B side summer : 3

 カッコいいお金の使い方をしたい、それは以前から漠然とトワコが憧れていたことだった。自分で財団を作って社会活動に巨額の資金を動かす大富豪に対する憧れは勿論あるのだが、毎日地面の上を自転車操業している自分には中々届かないご身分だ。それよりは、働いてコツコツとお金を貯め、貯まった時に有意義に使ってもらえる先に寄付をする、それがトワコの密かな憧れであり、一つの目標である。

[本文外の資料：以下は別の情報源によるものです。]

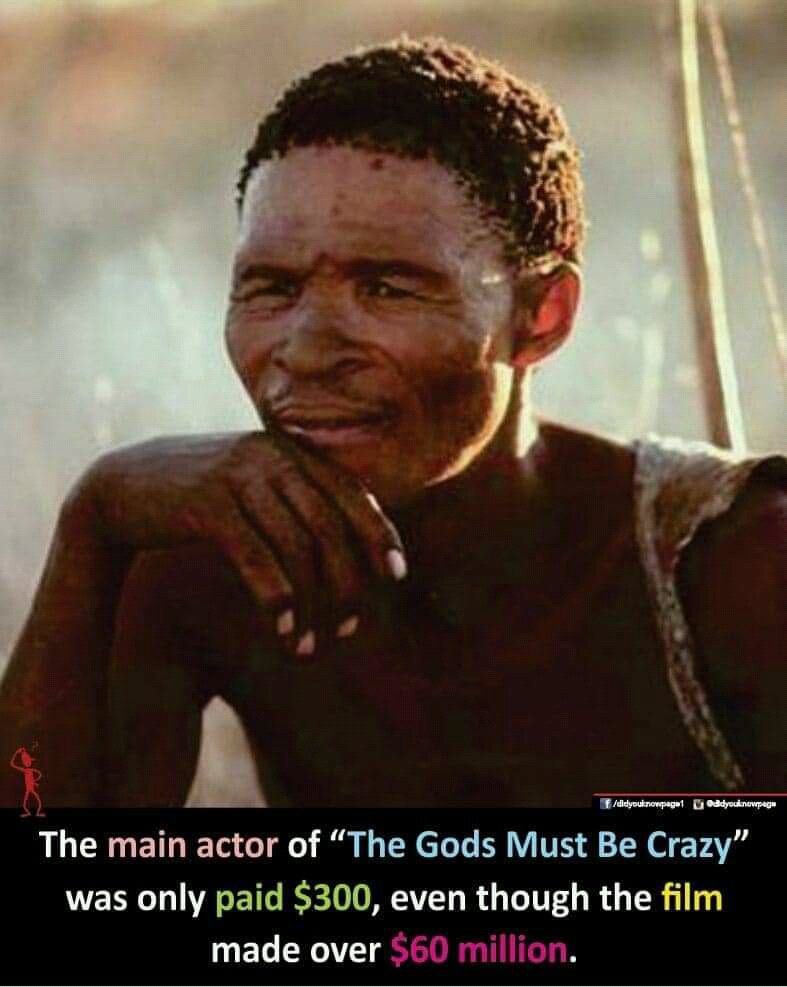 Conqueror🇿🇼 tweet media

 時々、報道で「老衰で亡くなった元公務員が遺産全額約1億2000万円を市に寄付」とか「兄からの相続も含め、元教師が遺産11億円を市に寄付」と流れる。勿論、自分には大きな財産を持つ直系親族はおらず、大きな財産を相続するアテはないけれど、それでも真面目に定年まで勤務し、老後を大過なく過ごし、天寿を全うして遺産が1億を越えるのであれば、とても有難いことではないか。

 

  それが何故、今この時期に、一千万円の寄付なのか。熱狂の後の知恵熱の中に、トワコの忸怩たる思いと、懺悔の気持ちがあったのは間違いない。

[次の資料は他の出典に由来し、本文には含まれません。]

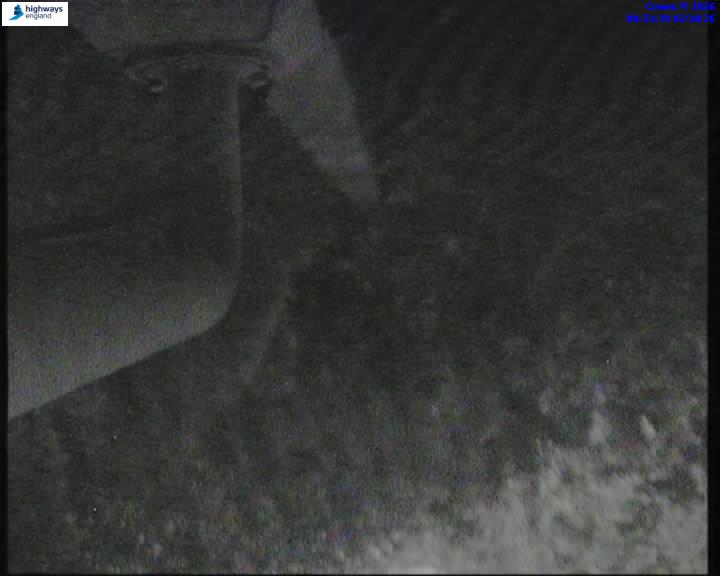 02/10/2026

 チームワークを大切にしながら、自分ができる最善の仕事をして白球を追う高校球児たち。高校生の時、トワコには周りが見えていただろうか。大言壮語は吐いていた覚えがある。だが、自分の周囲の人たちに手を差し伸べ、誰かの力になったことがあっただろうか。トワコの周りの誰かが、トワコのちょっとした心配りで、より良い一日を過ごしたことは、記憶の限り、ない。自分のことしか考えていなかった。そして、それは今も全く変わらない気がした。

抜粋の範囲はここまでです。